Tzafrir Cohen · Tzafrir Cohen · commit 3942004c6771 · 2018-02-23T19:21:50.000+02:00
* Use pdftotext (program from poppler-utils) to extract text from PDF
  files.
* Don't try to extract text from files that don't have a '.doc'
  extension.
diff --git a/knesset_data/protocols/base.py b/knesset_data/protocols/base.py
@@ -2,7 +2,7 @@
 import contextlib
 from tempfile import mkstemp
 import os
-from .utils import antiword, antixml
+from .utils import antiword, antixml, pdftotext
 from cached_property import cached_property
 import io, requests
 import logging
@@ -89,6 +89,17 @@ def antiword_xml(self):
     def antiword_text(self):
         return antixml(self.antiword_xml)
 
+    @cached_property
+    def pdf_text(self):
+        """ Uses pdftotext to extract text from a PDF document.
+
+        Pages are separated by a 0x0c (form feed) character.
+        """
+
+        text = pdftotext(self.file_name).decode('utf-8')
+        # FIXME: remove explicit bidi characters?
+        return text
+
     def _close(self):
         [func() for func in self._cleanup]
 
diff --git a/knesset_data/protocols/committee.py b/knesset_data/protocols/committee.py
@@ -50,7 +50,13 @@ def text(self):
         if self._file_type == 'text':
             return self._file_data
         else:
-            text = decode(self.antiword_text, 'utf-8')
+            extension = self.file_extension.lower()

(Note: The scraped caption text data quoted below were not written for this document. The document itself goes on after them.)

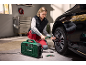 A woman inflates a car tire with a portable compressor in a garage.
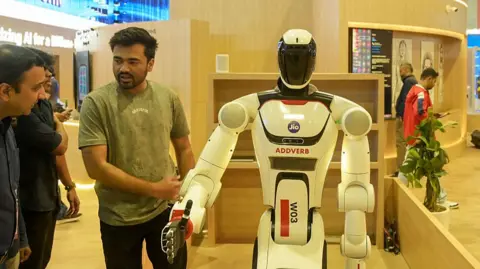 A man shows visitors a robot at the AI Summit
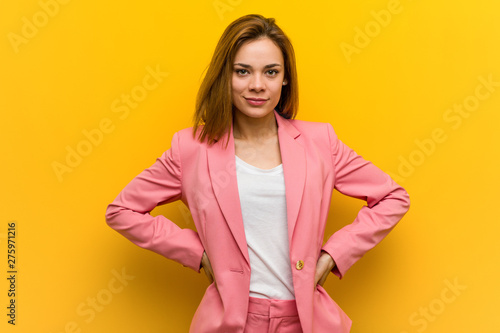 Young fashion business woman confident keeping hands on her hips.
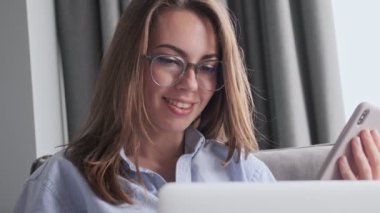 Gözlüklü çekici esmer kadın evinde kanepede otururken akıllı telefon ve dizüstü bilgisayar kullanıyor.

+            if self.file_extension == 'doc':
+                text = decode(self.antiword_text, 'utf-8')
+            elif self.file_extension == 'pdf':
+                text = decode(self.pdf_text, 'utf-8')
+            else:
+                text = ''
             tmp = text.split('OMNITECH')
             if len(tmp)==2 and len(tmp[0]) < 40:
                 text = tmp[1]
diff --git a/knesset_data/protocols/exceptions.py b/knesset_data/protocols/exceptions.py
@@ -8,3 +8,16 @@ def __str__(self):
             return "antiword processing failed, probably because antiword is not installed, try 'sudo apt-get install antiword'"
         else:
             return "antiword processing failed: {output}".format(output=self.output.split("\n")[0])
+
+
+class PdftotextNotInstalledException(Exception):
+    def __str__(self):
+        return "pdftotext binary does not seem to be installed. Try installing it using e.g. 'sudo apt-get install poppler-utils'"
+
+
+class PdftotextException(CalledProcessError):
+    def __str__(self):
+        if not self.output:
+            return "pdftotext processing silently failed."
+        else:
+            return "pdftotext processing failed: {output}".format(output=self.output.split("\n")[0])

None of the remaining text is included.